CMS assigns RYZE WEST an overall rating of 1 out of 5 stars, which is considered much below average nationally. Within Illinois, this rating places the facility higher than 0% of the state's 100 nursing homes. A rating at this level reflects concerns identified through health inspections, staffing assessments, or quality measures that families should carefully consider.

How is Ryze West Staffed?

CMS rates RYZE WEST's staffing level at 1 out of 5 stars, which is much below average compared to other nursing homes. Staff turnover is 44%, compared to the Illinois average of 46%. This relatively stable workforce can support continuity of care.

What Have Inspectors Found at Ryze West?

State health inspectors documented 83 deficiencies at RYZE WEST during 2022 to 2025. These included: 9 that caused actual resident harm and 74 with potential for harm. Deficiencies causing actual harm indicate documented cases where residents experienced negative health consequences.

Who Owns and Operates Ryze West?

RYZE WEST is owned by a for-profit company. For-profit facilities operate as businesses with obligations to shareholders or private owners. The facility operates independently rather than as part of a larger chain. With 234 certified beds and approximately 217 residents (about 93% occupancy), it is a large facility located in CHICAGO, Illinois.

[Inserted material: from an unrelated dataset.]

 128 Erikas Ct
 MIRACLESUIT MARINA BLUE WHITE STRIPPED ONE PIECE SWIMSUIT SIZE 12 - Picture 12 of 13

How Does Ryze West Compare to Other Illinois Nursing Homes?

Compared to the 100 nursing homes in Illinois, RYZE WEST's overall rating (1 stars) is below the state average of 2.5, staff turnover (44%) is near the state average of 46%, and health inspection rating (1 stars) is much below the national benchmark.

What Should Families Ask When Visiting Ryze West?

Based on this facility's data, families visiting should ask: "Can you walk me through typical staffing levels on day, evening, and night shifts?" "Can I visit during a mealtime to observe dining assistance and food quality?" "How do you handle medical emergencies, and what is your hospital transfer rate?" "Can I speak with family members of current residents about their experience?" These questions are particularly relevant given the below-average staffing rating.

Is Ryze West Safe?

Based on CMS inspection data, RYZE WEST has a clean safety record: no substantiated abuse findings (meaning no confirmed cases of resident harm), no Immediate Jeopardy citations (the most serious violation level indicating risk of serious injury or death), and is not on the Special Focus Facility watch list (a federal program monitoring the lowest-performing 1% of nursing homes). The facility has a 1-star overall rating and ranks #100 of 100 nursing homes in Illinois. While no facility is perfect, families should still ask about staff-to-resident ratios and recent inspection results during their visit.

Do Nurses at Ryze West Stick Around?

RYZE WEST has a staff turnover rate of 44%, which is about average for Illinois nursing homes (state average: 46%). Moderate turnover is common in nursing homes, but families should still ask about staff tenure and how the facility maintains care continuity when employees leave.

Was Ryze West Ever Fined?

RYZE WEST has been fined $261,142 across 7 penalty actions. This is 7.3x the Illinois average of $35,690. Fines at this level are uncommon and typically indicate a pattern of serious deficiencies, repeated violations, or failure to correct problems promptly. CMS reserves penalties of this magnitude for facilities that pose significant, documented risk to resident health or safety. Families should request specific documentation of what issues led to these fines and what systemic changes have been implemented.

Is Ryze West on Any Federal Watch List?

RYZE WEST is not on any federal watch list. The most significant is the Special Focus Facility (SFF) program, which identifies the bottom 1% of nursing homes nationally based on persistent, serious quality problems. Not being on this list means the facility has avoided the pattern of deficiencies that triggers enhanced federal oversight. This is a positive indicator, though families should still review the facility's inspection history directly.